■ INSTRUCTIONS TO FOLLOW
Reproduce the data below exactly as written. Pictures do not belong in the copy.

(RECORDED DATA Opens)

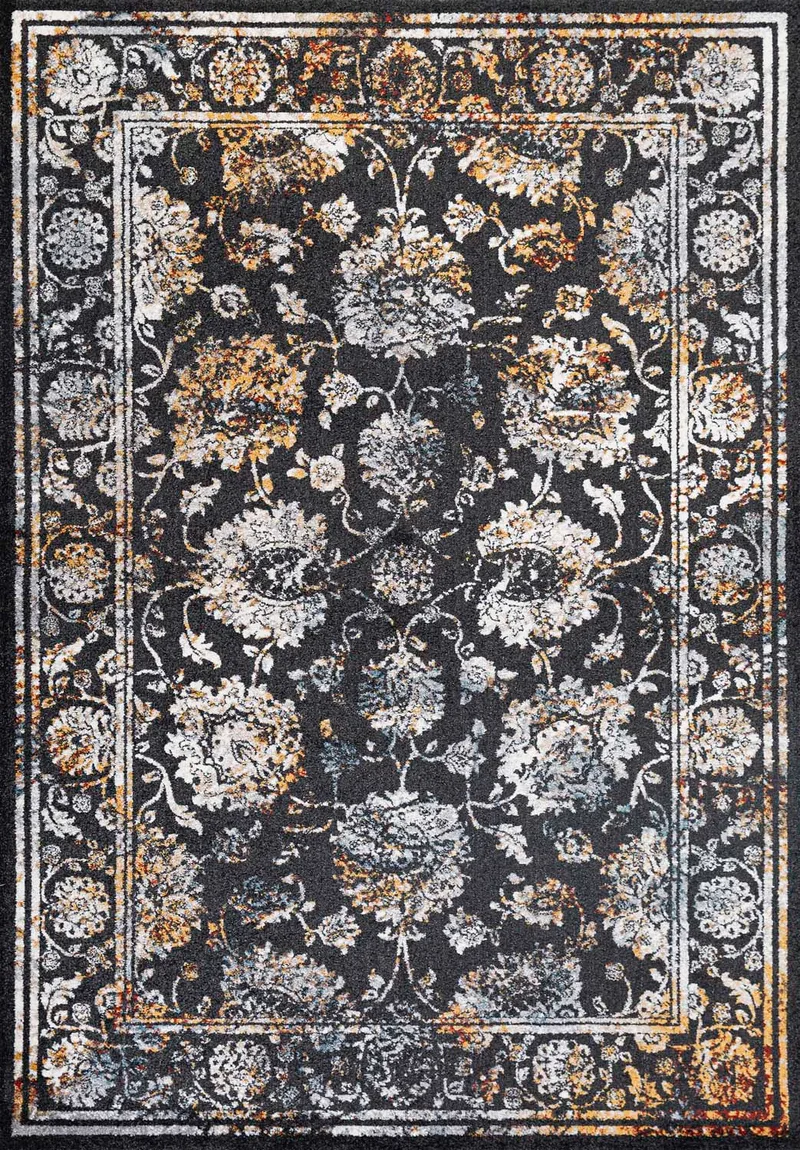 Tæppe Yelvi 160x230 cm, Sort/Beige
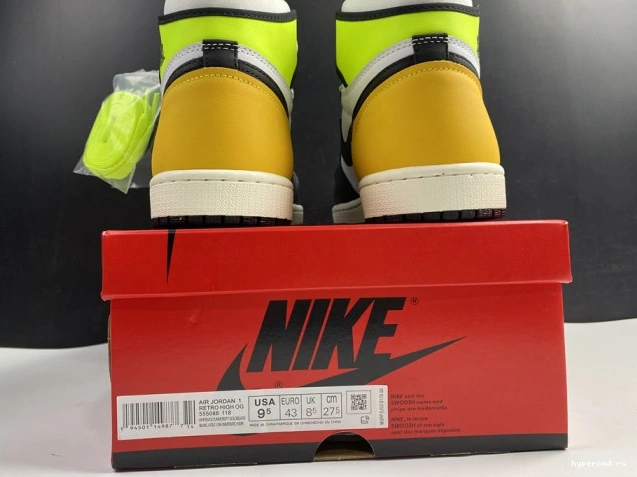 OG 'VOLT GOLD' 1 RETRO JORDAN 555088-118 AIR HIGH 0811
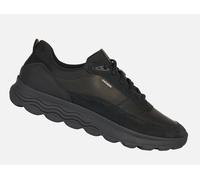 Scarpe Sneakers Geox U Spherica E pelle e camoscio nero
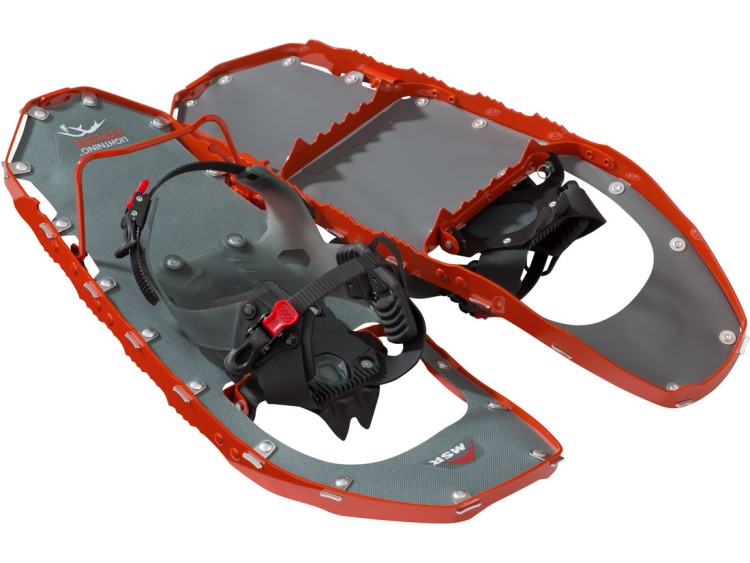 product photo: MSR Lightning Explore snowshoes in orange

(RECORDED DATA Closes)

■ ANSWER TO THIS EXERCISE
 Tæppe Yelvi 160x230 cm, Sort/Beige
 OG 'VOLT GOLD' 1 RETRO JORDAN 555088-118 AIR HIGH 0811
 Scarpe Sneakers Geox U Spherica E pelle e camoscio nero
 product photo: MSR Lightning Explore snowshoes in orange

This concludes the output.